▸ **Your assignment**
Nothing should appear in the answer except the lines below from the line containing "FILE - This" through the line containing "Boy and girl walking in a meadow Stock Photo", copied exactly, with pictures left out.

▸ **Records supplied**
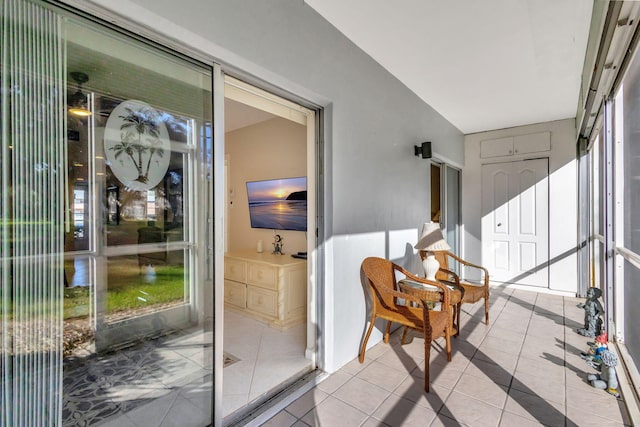 sunroom featuring a barn door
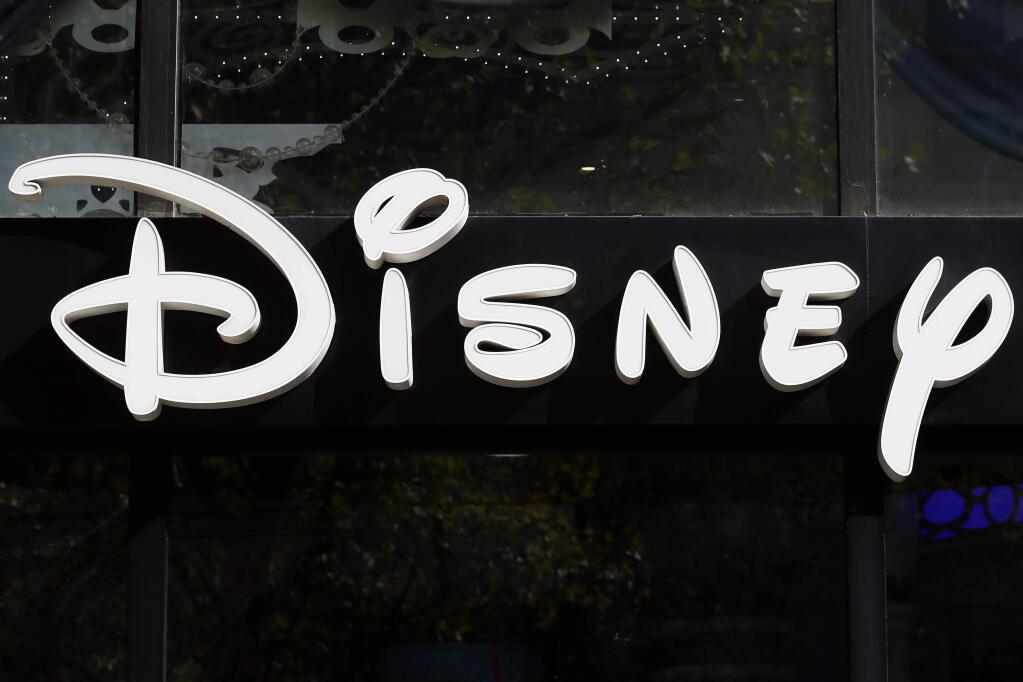 FILE - This Sept. 20, 2017, file photo shows a sign at the Disney store on the Champs Elysees Avenue in Paris, France. The Walt Disney Co. reports earnings Tuesday, Feb. 6, 2018. (AP Photo/Francois Mori, File)
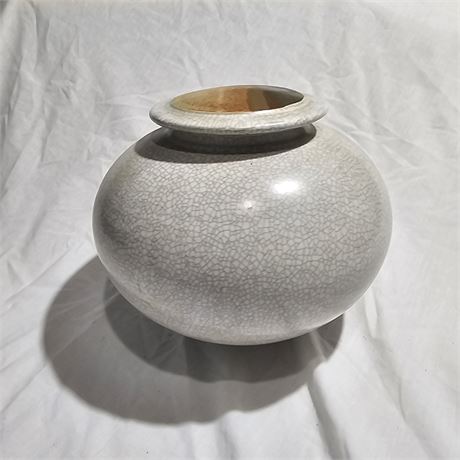 Lidded ceramic jar with a distinctive crackle glaze.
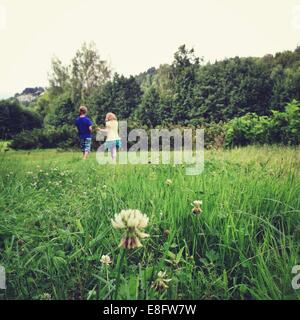 Boy and girl walking in a meadow Stock Photo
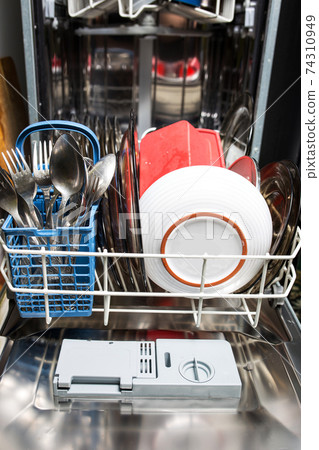 Dishwasher with dirty dishes closeup. Household kitchen appliances. Assistant hostess. Dishwasher with dirty dishes closeup. Household kitchen appliances. Assistant hostess. 74310949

▸ **Response box**
 FILE - This Sept. 20, 2017, file photo shows a sign at the Disney store on the Champs Elysees Avenue in Paris, France. The Walt Disney Co. reports earnings Tuesday, Feb. 6, 2018. (AP Photo/Francois Mori, File)
 Lidded ceramic jar with a distinctive crackle glaze.
 Boy and girl walking in a meadow Stock Photo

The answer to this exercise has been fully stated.